**Work order**
The lines from the top of the material through the line with "Realistic Prehistoric Ape" are to be set down exactly. Leave the pictures out.

**Recorded information**
☆ ☆ ☆ ☆ ☆ ☆ ☆

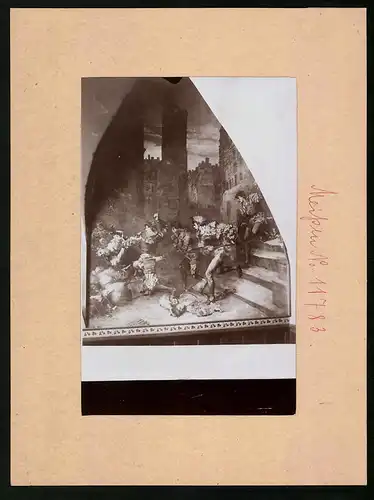 Fotografie Brück & Sohn Meissen, Ansicht Meissen i. Sa., Gemälde in der Albrechtsburg, Eroberung von Arschot in Flandern
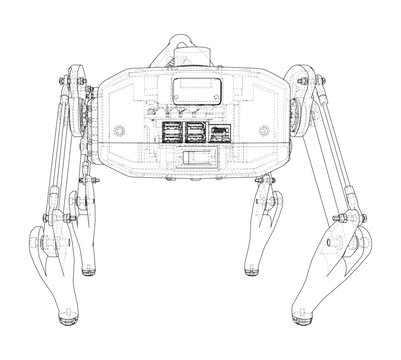 robotic quadruped outline illustration. Vector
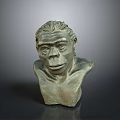 Realistic Prehistoric Ape Character Bust Sculpture For Game Movies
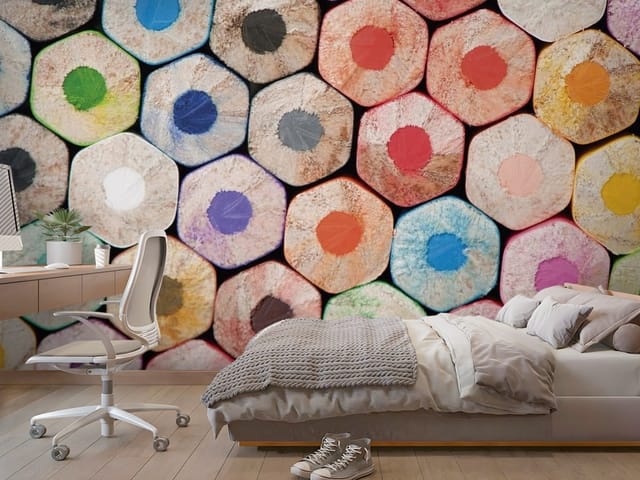 Fototapeta Kolorowe końcówki kredek (mpn: FT-716) Fototapeta Geometria – zbliżenie na kolorowe końcówki kredek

☆ ☆ ☆ ☆ ☆ ☆ ☆

**Written answer**
 Fotografie Brück & Sohn Meissen, Ansicht Meissen i. Sa., Gemälde in der Albrechtsburg, Eroberung von Arschot in Flandern
 robotic quadruped outline illustration. Vector
 Realistic Prehistoric Ape Character Bust Sculpture For Game Movies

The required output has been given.